┌──
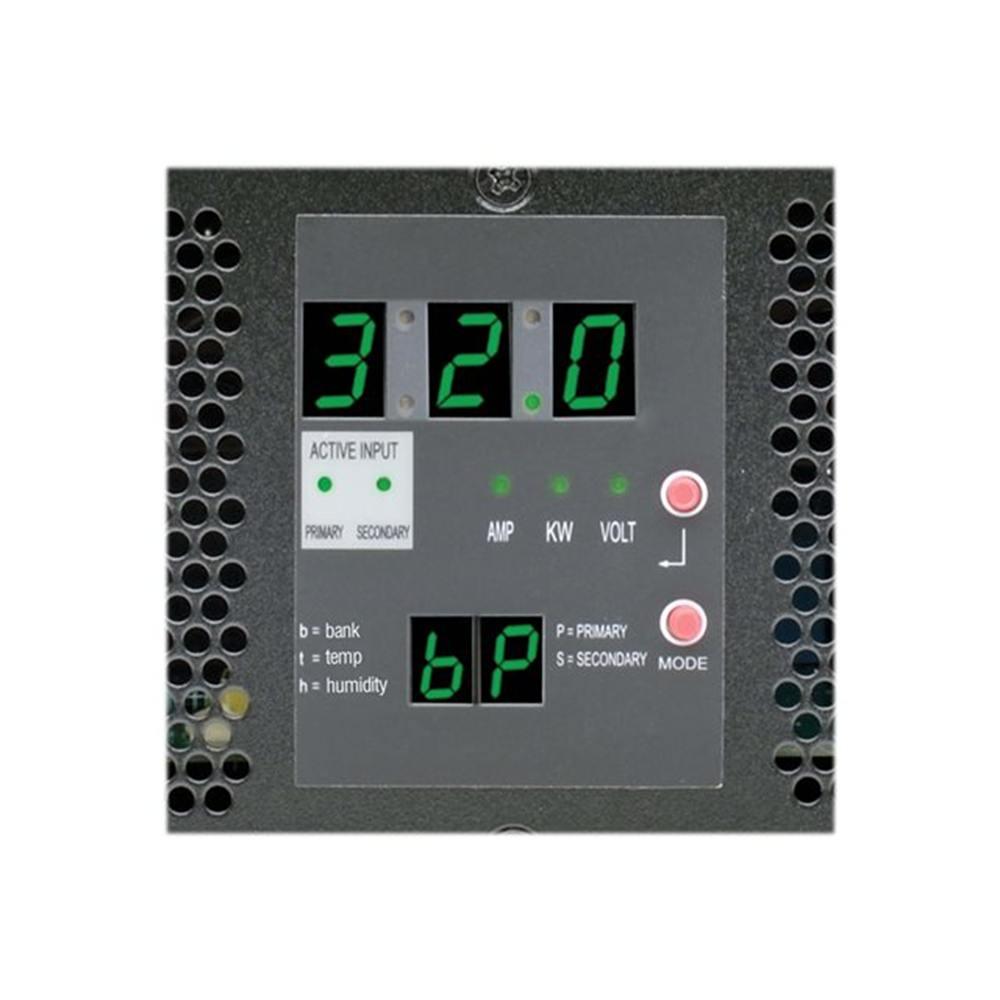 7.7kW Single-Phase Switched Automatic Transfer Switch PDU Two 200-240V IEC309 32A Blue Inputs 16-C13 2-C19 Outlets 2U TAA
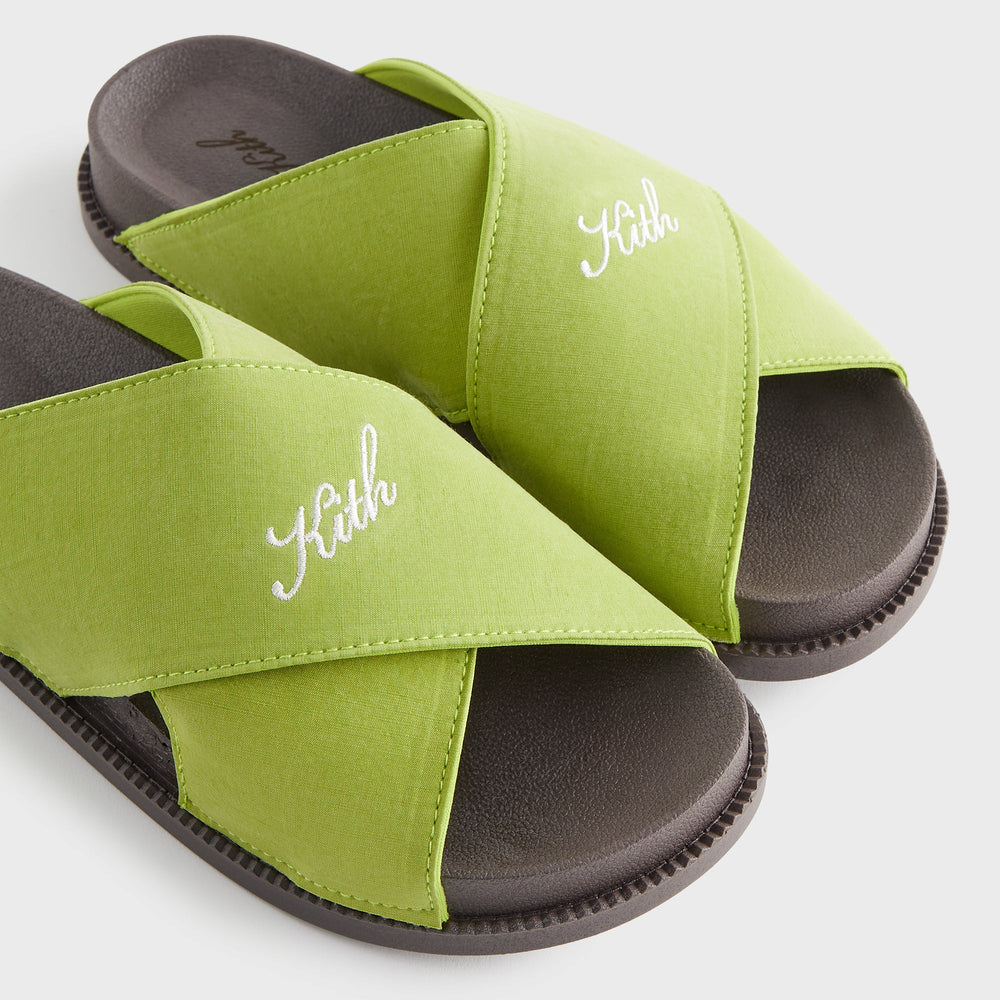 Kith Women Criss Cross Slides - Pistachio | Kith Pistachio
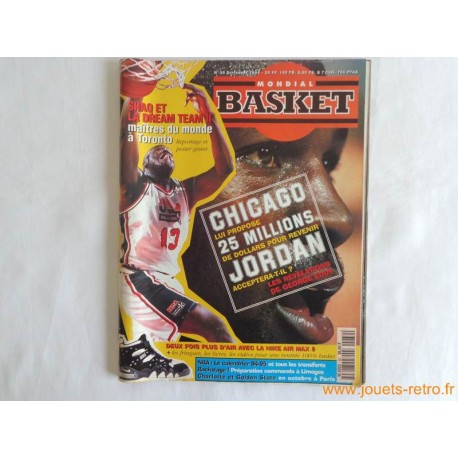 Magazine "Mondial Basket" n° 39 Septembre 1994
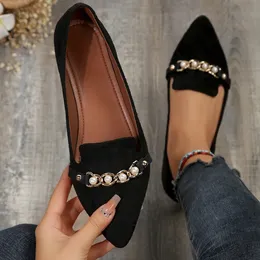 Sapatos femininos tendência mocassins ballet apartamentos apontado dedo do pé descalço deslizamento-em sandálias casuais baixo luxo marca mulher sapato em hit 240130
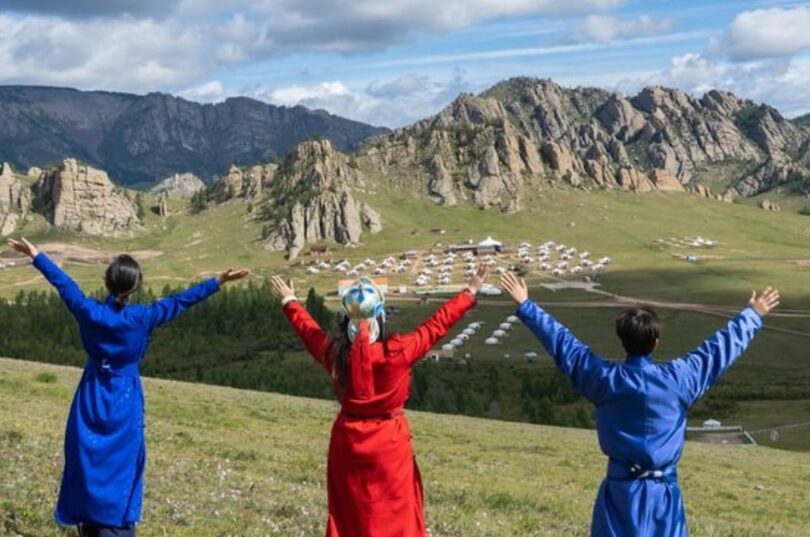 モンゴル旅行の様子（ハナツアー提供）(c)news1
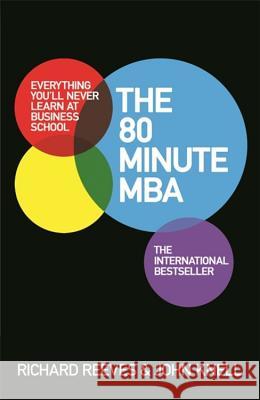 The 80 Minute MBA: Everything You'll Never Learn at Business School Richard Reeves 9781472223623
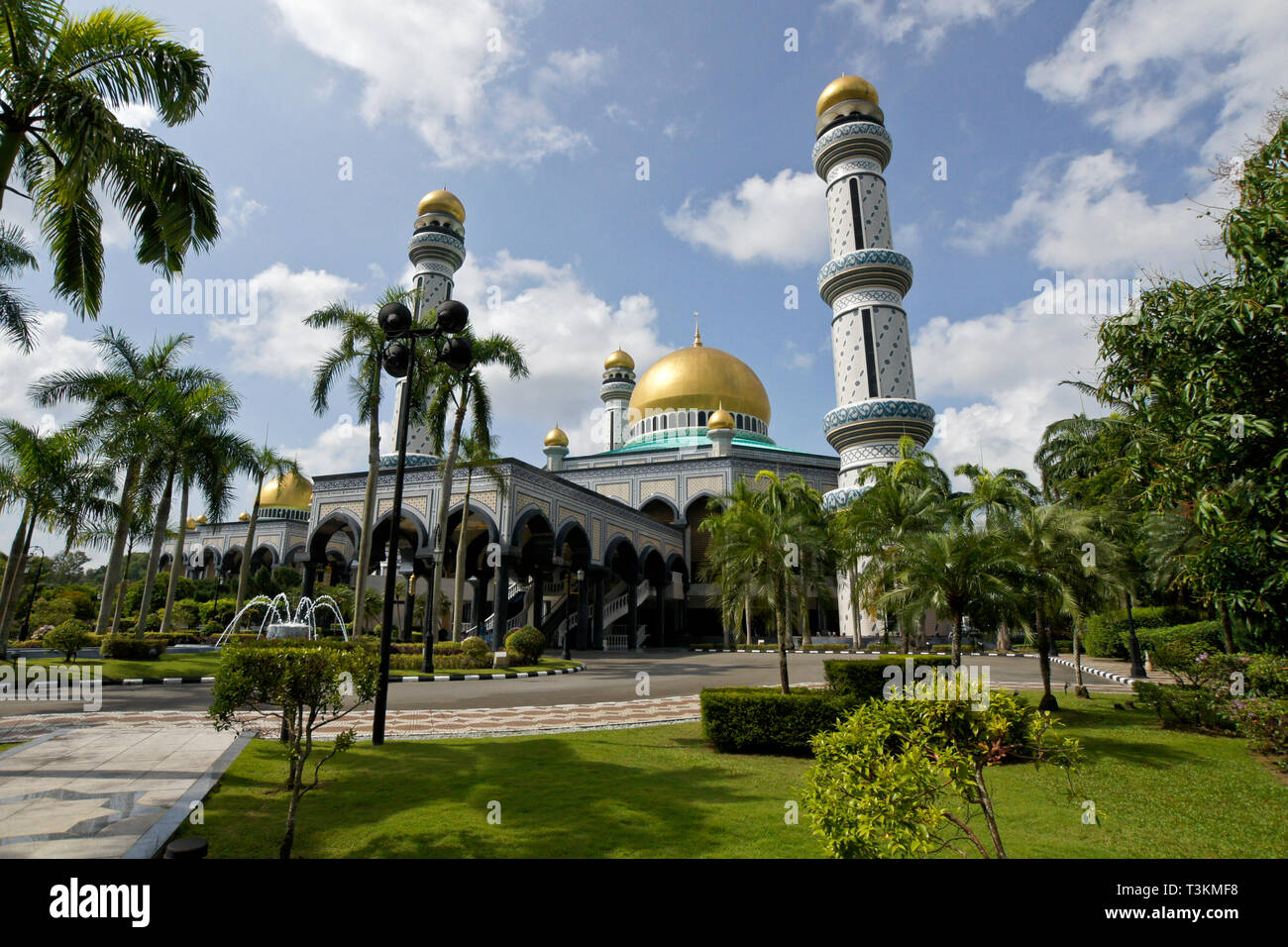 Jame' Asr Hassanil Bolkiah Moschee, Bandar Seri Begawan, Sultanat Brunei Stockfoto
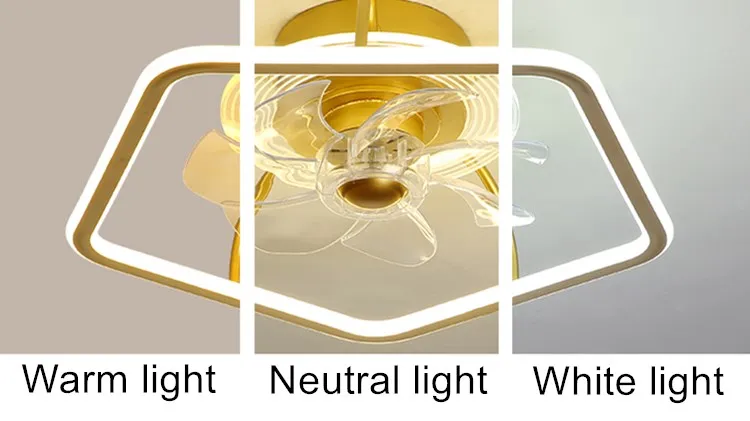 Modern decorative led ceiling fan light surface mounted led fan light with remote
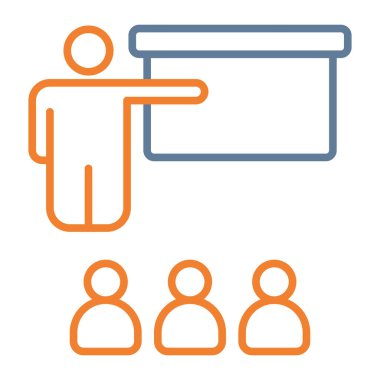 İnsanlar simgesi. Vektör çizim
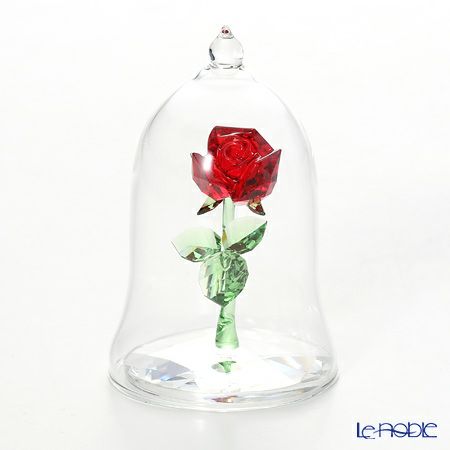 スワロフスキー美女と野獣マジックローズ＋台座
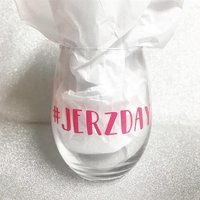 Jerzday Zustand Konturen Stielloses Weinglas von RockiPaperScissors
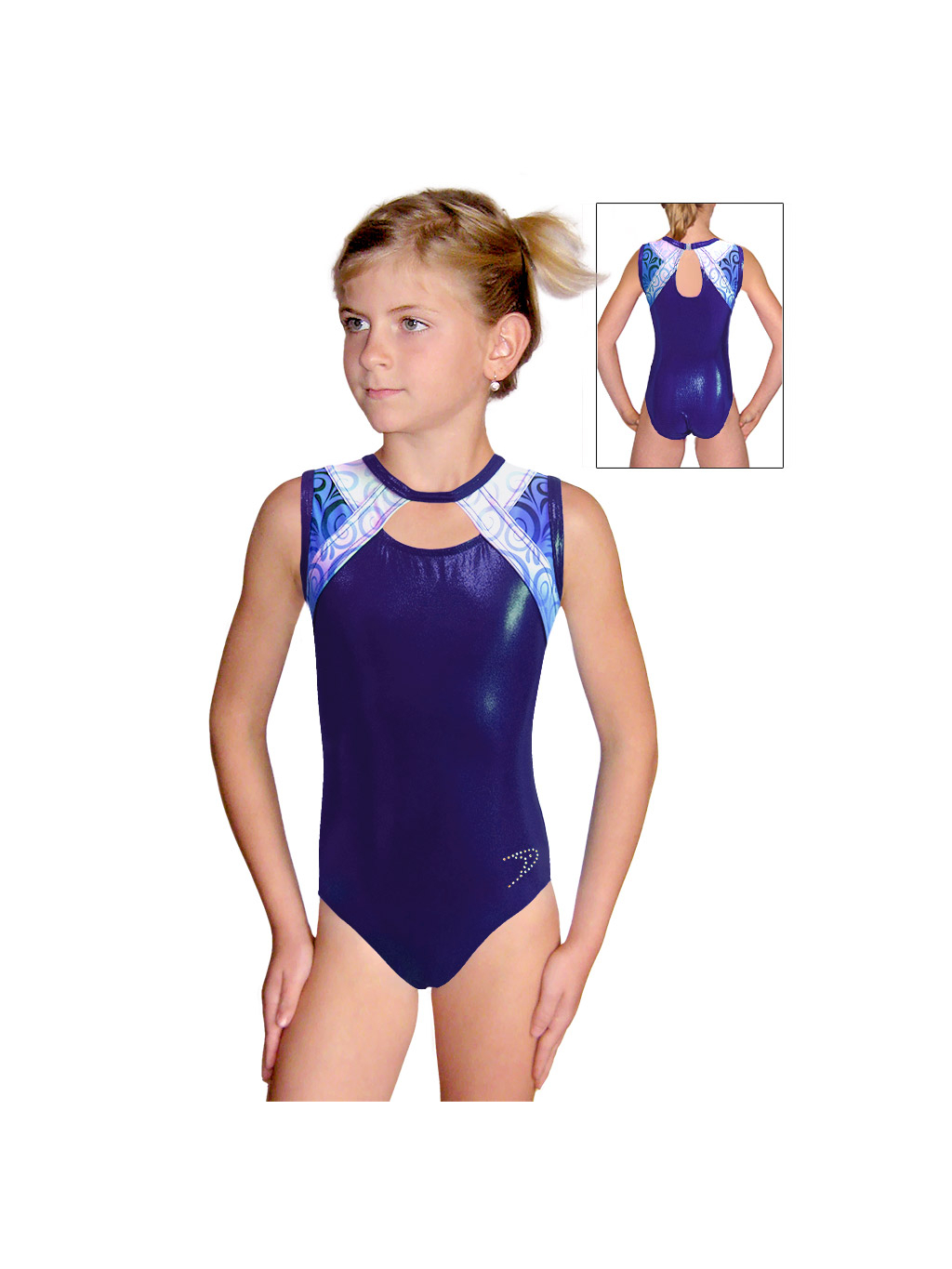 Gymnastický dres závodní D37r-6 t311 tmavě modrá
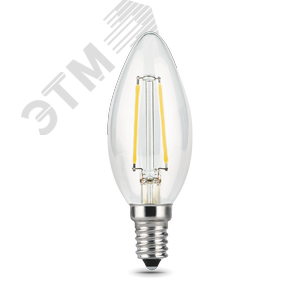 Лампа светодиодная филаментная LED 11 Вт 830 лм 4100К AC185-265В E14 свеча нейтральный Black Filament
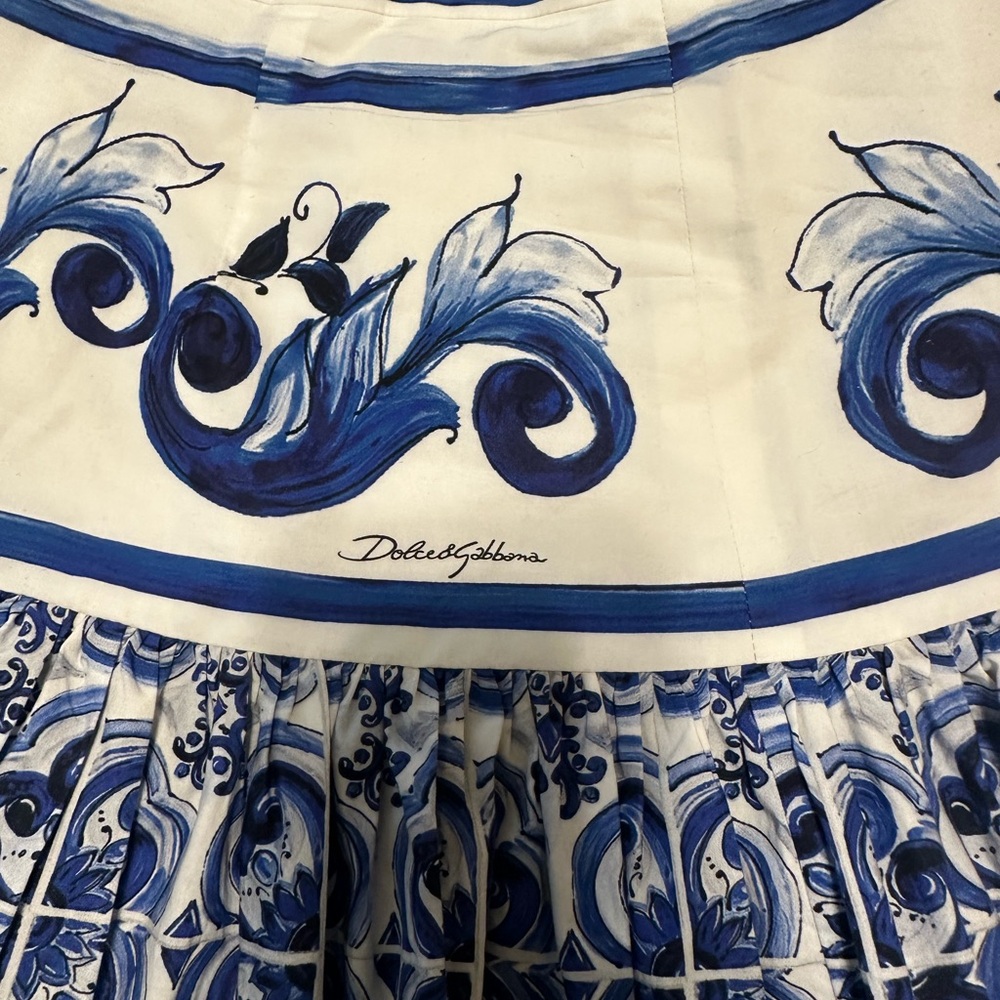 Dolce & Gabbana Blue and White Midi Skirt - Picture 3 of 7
└──
What needs to be done. Drop the pictures; return the lines above from the line containing "39 Septembre 1994" to the line containing "The 80 Minute", both included, exactly.

Output for this exercise.
 Magazine "Mondial Basket" n° 39 Septembre 1994
 Sapatos femininos tendência mocassins ballet apartamentos apontado dedo do pé descalço deslizamento-em sandálias casuais baixo luxo marca mulher sapato em hit 240130
 モンゴル旅行の様子（ハナツアー提供）(c)news1
 The 80 Minute MBA: Everything You'll Never Learn at Business School Richard Reeves 9781472223623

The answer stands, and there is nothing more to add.